A linear operator between two finite dimensional real vector spaces is a linear map between $V$ and $W$, where $V$ and $W$ are vector spaces with $\dim V = n$ and $\dim W = m$ (and so $V \cong \mathbb{R}^n$ and $W \cong \mathbb{R}^m$). As a linear operator $f: V \rightarrow W$ is completely determined by the image of the vectors of a basis, in order to find the action of $f$ it is enough to take a basis $\{e_1,\dots,e_n\}$ of $V$ and compute $f(e_1),\dots,f(e_n)$. These will be vectors in $W$, so can be expressed in terms of a basis of $W$, say $\{l_1,\dots,l_m\}$, that is $$f(e_i) = \sum_{k=1}^m a_i^kl_k$$ where $a_i^k, i = 1,\dots,n, k = 1,\dots,m$ are real numbers.

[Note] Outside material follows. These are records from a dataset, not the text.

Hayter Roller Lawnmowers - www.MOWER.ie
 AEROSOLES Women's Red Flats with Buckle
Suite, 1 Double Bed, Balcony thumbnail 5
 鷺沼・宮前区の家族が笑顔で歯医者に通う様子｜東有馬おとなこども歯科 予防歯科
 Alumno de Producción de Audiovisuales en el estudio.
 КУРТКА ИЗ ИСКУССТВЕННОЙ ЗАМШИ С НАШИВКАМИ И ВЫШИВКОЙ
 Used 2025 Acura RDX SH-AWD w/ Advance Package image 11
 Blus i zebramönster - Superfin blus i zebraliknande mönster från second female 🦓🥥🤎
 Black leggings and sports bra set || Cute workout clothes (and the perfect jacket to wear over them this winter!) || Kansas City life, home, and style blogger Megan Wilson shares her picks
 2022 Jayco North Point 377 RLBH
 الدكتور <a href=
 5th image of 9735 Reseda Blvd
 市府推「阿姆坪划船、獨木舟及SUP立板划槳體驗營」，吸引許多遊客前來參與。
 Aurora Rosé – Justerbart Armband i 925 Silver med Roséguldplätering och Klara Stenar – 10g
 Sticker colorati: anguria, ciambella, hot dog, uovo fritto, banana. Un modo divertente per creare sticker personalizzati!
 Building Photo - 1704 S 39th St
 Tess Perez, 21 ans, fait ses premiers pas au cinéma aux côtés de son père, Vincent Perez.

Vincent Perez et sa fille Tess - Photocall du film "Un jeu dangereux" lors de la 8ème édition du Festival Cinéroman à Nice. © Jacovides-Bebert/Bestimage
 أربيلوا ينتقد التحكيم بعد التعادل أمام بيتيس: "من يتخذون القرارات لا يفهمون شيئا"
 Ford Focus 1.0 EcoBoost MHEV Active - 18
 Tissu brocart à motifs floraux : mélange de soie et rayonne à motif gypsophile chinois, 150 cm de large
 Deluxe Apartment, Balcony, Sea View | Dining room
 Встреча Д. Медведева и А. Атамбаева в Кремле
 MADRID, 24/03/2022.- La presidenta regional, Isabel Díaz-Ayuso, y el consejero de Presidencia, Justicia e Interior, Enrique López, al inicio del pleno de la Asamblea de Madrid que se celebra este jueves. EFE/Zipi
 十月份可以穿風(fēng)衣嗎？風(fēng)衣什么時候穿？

These define a matrix $(a^i_k)$, which is the matrix associated to $f$. In this context, the entries of the matrix depend naturally on the bases chosen.

Answer 2

The columns of your matrix $A=(a_{ij})$ are exactly the coordinates of each new basis $B$ vector w.r.t the standart basis $\{e_1,\ldots,e_n\}$. For each $j$ the column $j$ of $A$ gives you the ordered coordinates of the new basis vector $v_{j}\in B$ with respect to the canonical basis $S=\{e_1,\ldots,e_n\}$. In equations:

$$ [v_i]_{S}=\left[\begin{array}{c} a_{1j}\\ a_{2j}\\ \vdots \\ a_{nj}\end{array}\right]= A\left[\begin{array}{c} 0\\ 0\\ \vdots\\ 1\\\vdots \\ 0\end{array}\right] $$ where $e_{j}=\left[\begin{array}{c} 0\\ 0\\ \vdots\\ 1\\\vdots \\ 0\end{array}\right]$ has $1$ at position $j$ and $0$ elsewhere.